DATA RECORDS below:

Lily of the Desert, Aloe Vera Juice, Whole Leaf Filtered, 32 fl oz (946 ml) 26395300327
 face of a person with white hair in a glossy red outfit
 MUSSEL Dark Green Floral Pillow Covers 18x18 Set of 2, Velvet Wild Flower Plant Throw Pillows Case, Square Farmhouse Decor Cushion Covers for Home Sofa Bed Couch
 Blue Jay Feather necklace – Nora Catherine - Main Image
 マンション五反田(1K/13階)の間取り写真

End of DATA RECORDS.

* _TASK TO CARRY OUT_
Starting at the line that contains "Blue Jay Feather", retype each line through the end of the listing above and nothing else.

* _TASK OUTPUT_
 Blue Jay Feather necklace – Nora Catherine - Main Image
 マンション五反田(1K/13階)の間取り写真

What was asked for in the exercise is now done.